SCE R3D-18 on Kinetics200

In this guide, we provide steps to pretrain a R3D-18 using SCE on Kinetics200.

The first section will focus on defining the configuration and the second one to launch the training.

Define the configuration

We first need to define the configuration to train SCE. The configuration is available here, and is detailed below.

Define the Datamodule

The datamodule is the Kinetics200DataModule.

datamodule:
  _target_: eztorch.datamodules.Kinetics200DataModule
  _recursive_: false
  datadir: ${..dir.data}
  video_path_prefix: ${.datadir}

For a video datamodule, it needs to be specified the decoder used such as Pyav, frames etc., along with its parameters.
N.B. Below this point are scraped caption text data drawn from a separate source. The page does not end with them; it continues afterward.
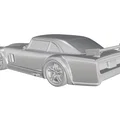 Mô hình xe đua cổ điển Facel Vega HK 500 (1958-1961) in 3D - Thumbnail 5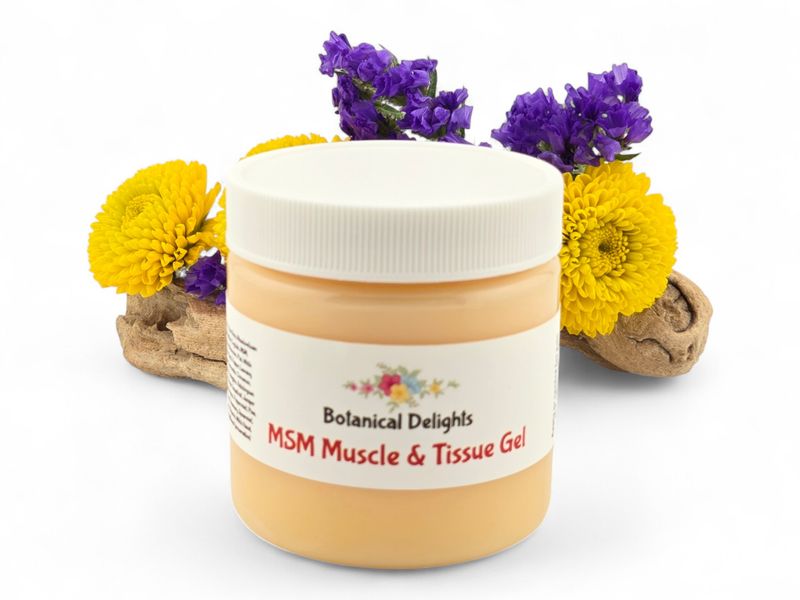 MSM Muscle &amp; Tissue Pain Gel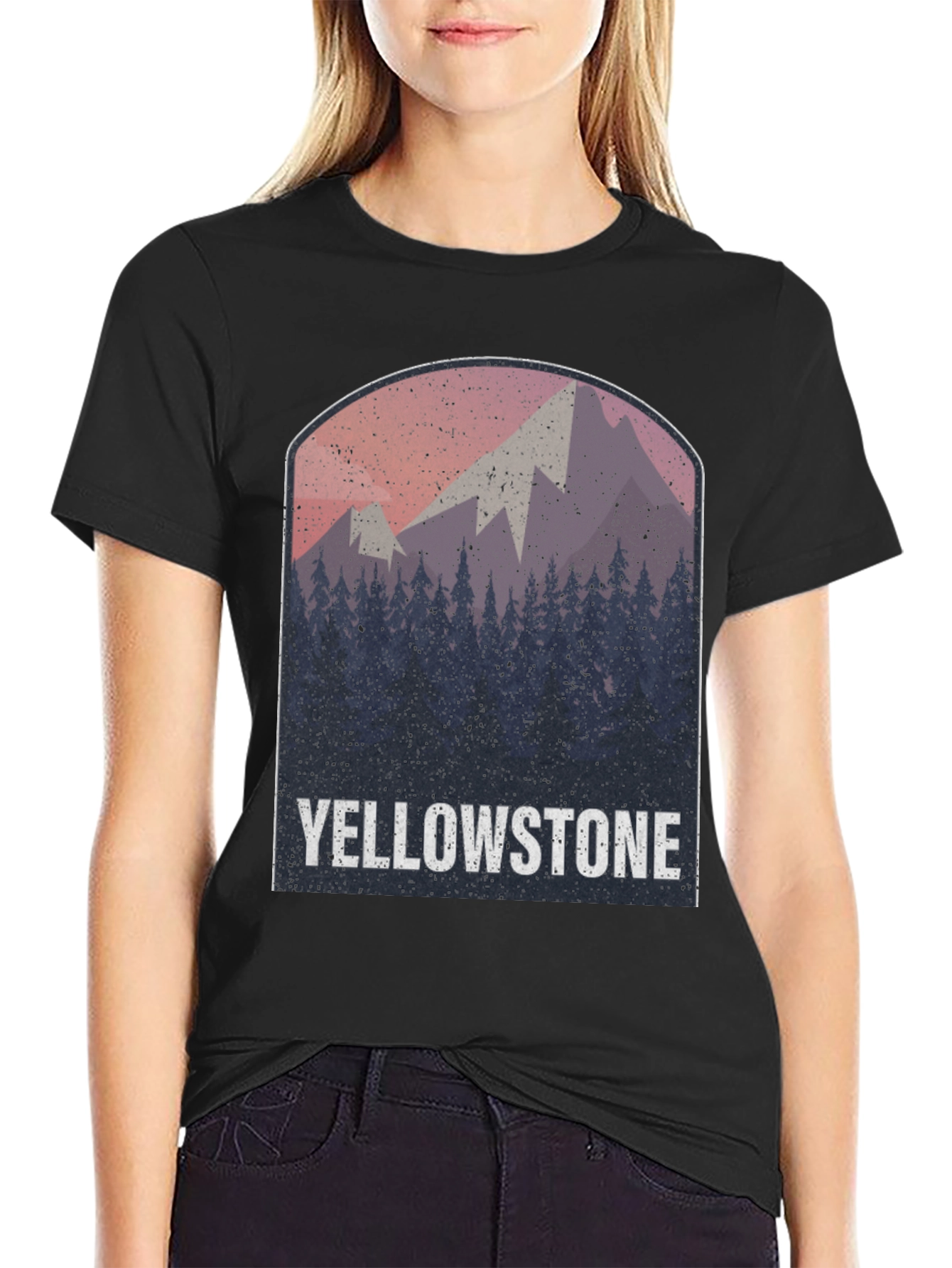 Yellowstone Graphic T-Shirt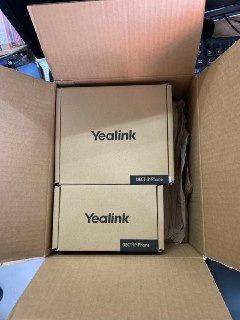 Yealink W53P Cordless DECT IP Phone and Base Station, bundle with 1 ...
For this example, we use the frames decoder.

datamodule:
  decoder: frame
  decoder_args:
    fps: 30
    frame_filter:
      subsample_type: uniform
      num_samples: 8
    time_difference_prob: 0.2
    num_threads_io: 4
    num_threads_decode: 4
    decode_float: true

For each set used during the fit of the model, usually training and validation, there needs to be passed information about the clip sampler, the transform applied to each clip and the configuration for the dataloaders.

datamodule:
  train:
    dataset:
      datadir: ${...datadir}/train.csv
      video_path_prefix: ${...datadir}/train
    transform:
      _target_: eztorch.transforms.OnlyInputListTransform
      _recursive_: true
      transform:
        _target_: eztorch.transforms.video.RandomResizedCrop
        target_height: 224
        target_width: 224
        scale:
        - 0.2
        - 0.766
        aspect_ratio:
        - 0.75
        - 1.3333
        interpolation: bilinear
    clip_sampler:
      _target_: eztorch.datasets.clip_samplers.RandomMultiClipSampler
      num_clips: 2
      clip_duration: 2.56
      speeds:
      - 1
      jitter_factor: 0
    loader:
      drop_last: true
      num_workers: 5
      pin_memory: true
    global_batch_size: 512

Define the model

We will use the SCEModel. SCE as a siamese self-supervised learning method defines several networks. It is composed of an online branch updated by backpropagation and a momentum target branch updated by the exponential moving average of the online branch.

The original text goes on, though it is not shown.